Tonight I finally decided to scan some pictures I took last summer when I went back to my old stomping grounds in western Nebraska. One of the highlights of the trip was visiting my very first car ever. It was a 1965 Dodge Coronet 440...and although I never got it running, I learned so much about how cars are put together that I fell in love with cars in general. After that car gave what little life it had to teach me about mechanics, it was pushed off into a ravine and flipped upside down at our old farm....but I'm getting ahead of myself here.

Anyway, while scanning these pictures tonight, I had an epiphany! I think I know what I'd like to do with my retirement...as a project, I mean. Everybody always wants to find their first car and fix it up, and I'm no different. The good news is, I know where mine's at....and it ain't goin' anywhere! I could conceivably retrieve and fix up my very first car!

So kick back for a moment and read the tale of my entry into automotive knowledge:

It was the summer of 1981, a year before my graduation from high school. That summer I spent a weekend hauling hay for a neighbor of mine. The original agreement was $50 for both days helping him haul in hay bales from the field. On one trip bringing the hay up to the homestead, I noticed a trio of old cars parked out behind his barn, one of which was the Dodge. He said it had been parked there for years, after having caught fire in the trunk area. During a lunch break I walked out to look them over and saw there was no apparent damage to anything on this car. I talked him into giving me that car in lieu of the agreed-upon wages.

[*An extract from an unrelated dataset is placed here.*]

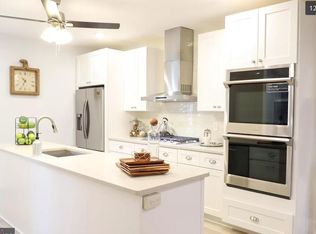 1126 S Paxon St, Philadelphia, PA 19143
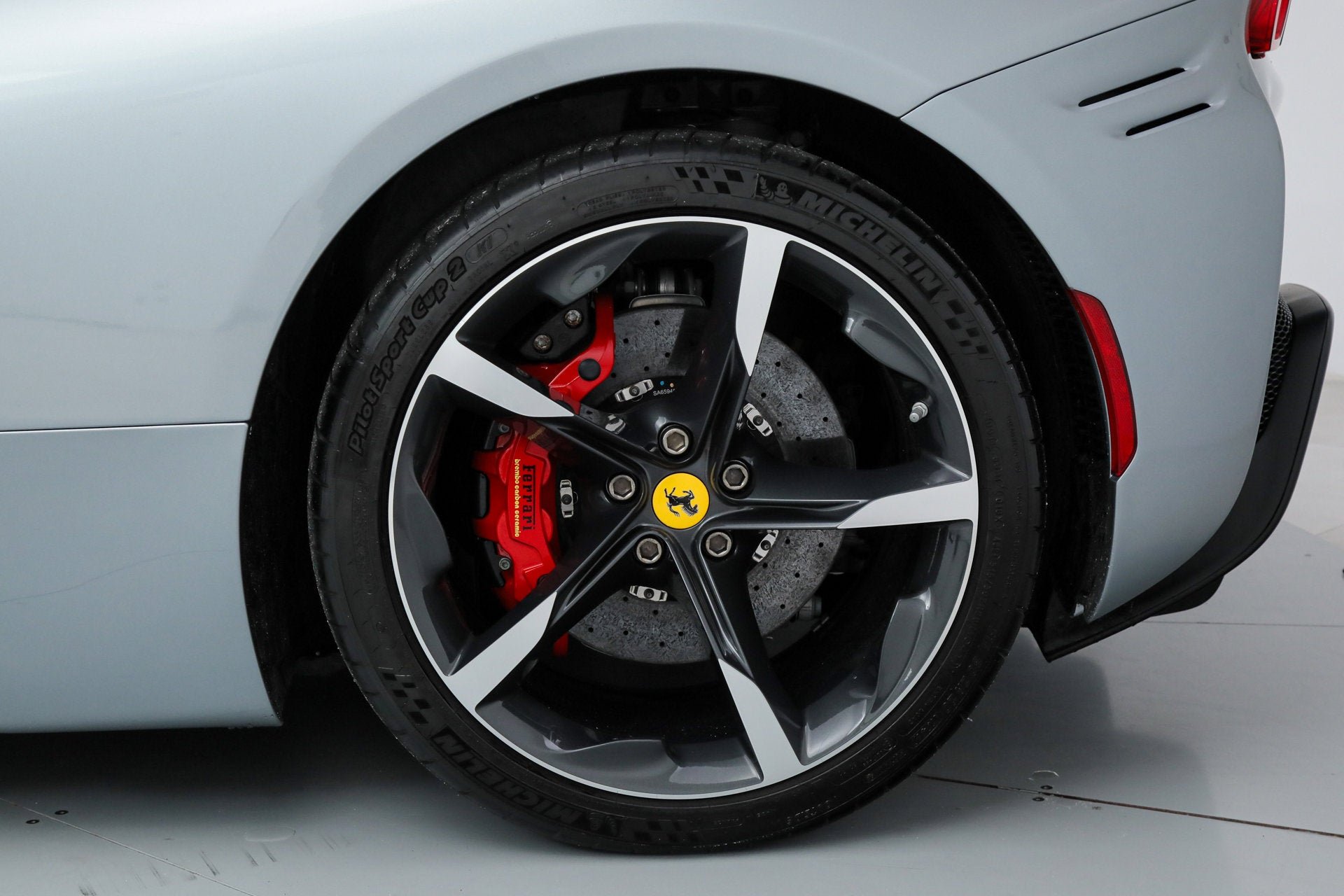Certified Used 2022 Grigio Titanio Ferrari  image 41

The following weekend my dad and I towed the Coronet home, a trip of about 5-6 miles on gravel roads. I remember my mom dreading me dragging this home, since based on my father's description of it to her, it was a hunk of junk. However, when we pulled it into the driveway and got it disconnected and started really looking it over, my mom came out to see, and commented how it was in much better shape than she'd anticipated.

However, what proved to be it's fatal flaw was the fact that the 318 V8 was seized up. My dad and I tried for several days to get it broke loose, using diesel fuel in the cylinders to loosen up the rust, to no avail. Because I couldn't afford a replacement engine (or a rebuild), the car became my classroom. I immediately subscribed to Hot Rod magazine and spent a lot of time daydreaming about how someday it would ride again. I spent many evenings just sitting in the car, listening to far-away radio stations on my pocket transistor radio...and dreaming.

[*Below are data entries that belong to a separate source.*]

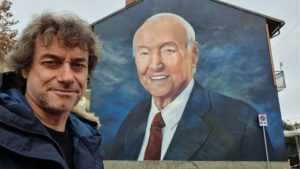 A Torino un murale che raffigura Piero Angela: la foto del figlio Alberto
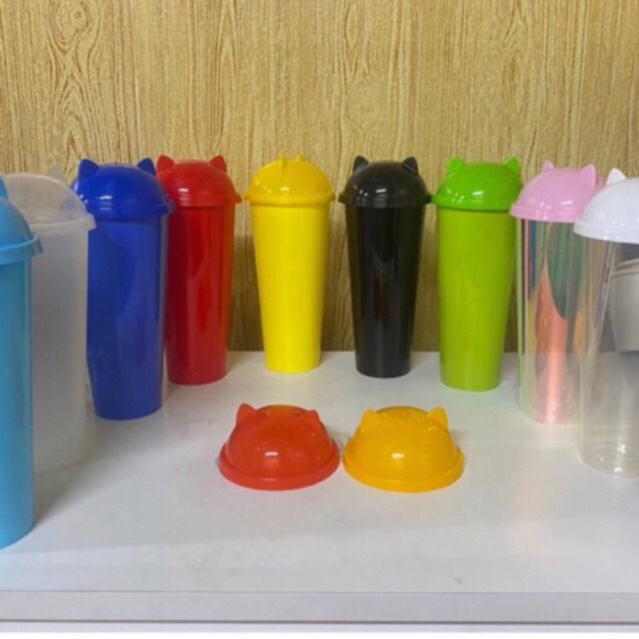 Ly nhựa cứng 700ml (100 cái )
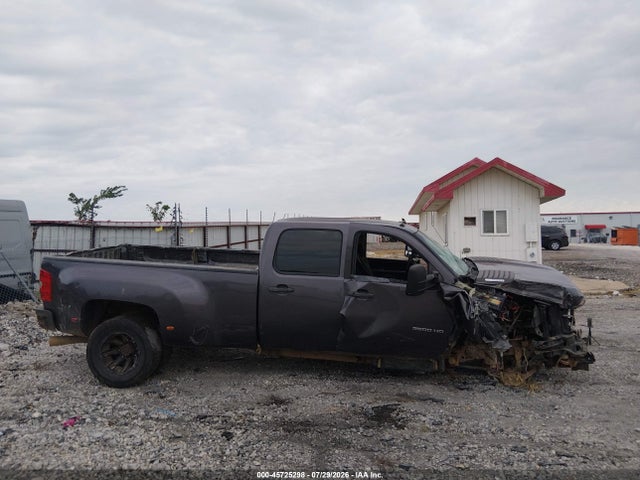 Продажа на аукционе авто 2011 Chevrolet Silverado 3500hd Lt, vin: 1GC4K0C8XBF124094, номер лота: 45725298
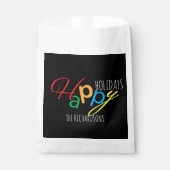 Happy Holidays spielerischer Text mit farbenfrohen Geschenktütchen (Vorderseite)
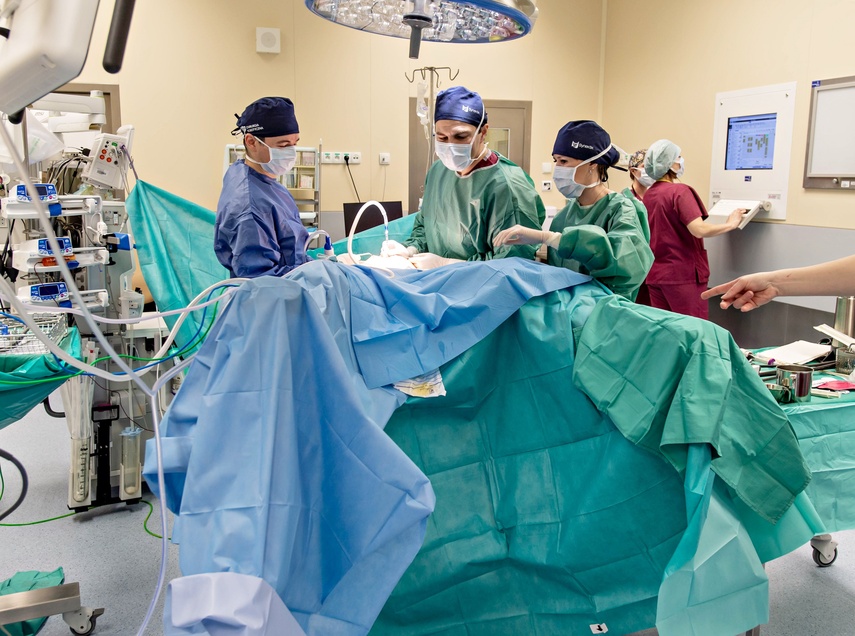 Elbląscy lekarze operują z robotem zdjęcie nr 344535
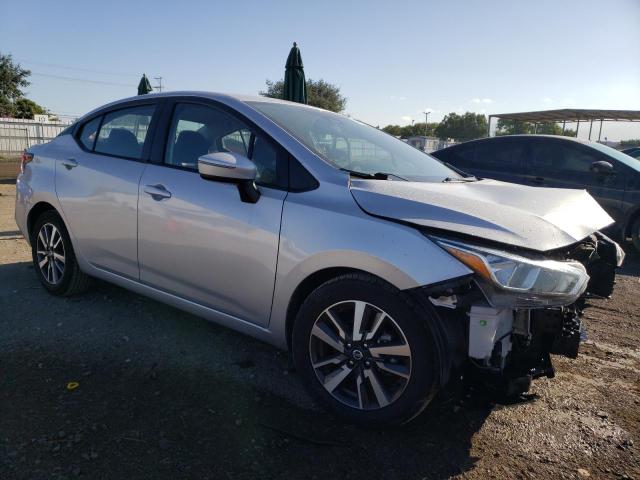 3N1CN8EV9LL861320 - 2020 NISSAN VERSA SV SILVER photo 4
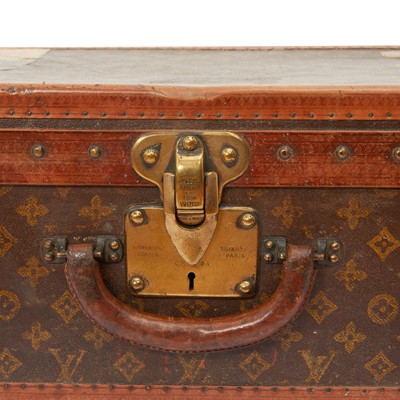 Lot 124 - Louis Vuitton Monogram Alzer Suitcase 55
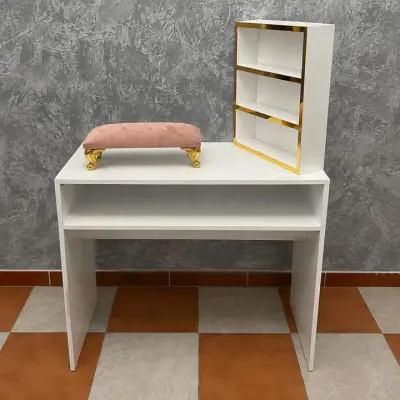 Table d'Onglerie Simple avec Présentoir - طابلة مانيكير بسيطة مع بريزونتوار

In the end, I completely disassembled this car, just to learn how things were put together. I was reading about camshafts and timing chains in Hot Rod, but hadn't even seen one in real life...so I took apart everything I could disassemble, just for the knowledge. If I couldn't unbolt/unscrew it, I cut it apart. I just wanted to see every square inch of this car and learn. The only thing I wasn't permitted to tear apart was the suspension, because my dad wanted to be able to tow it out of the driveway eventually.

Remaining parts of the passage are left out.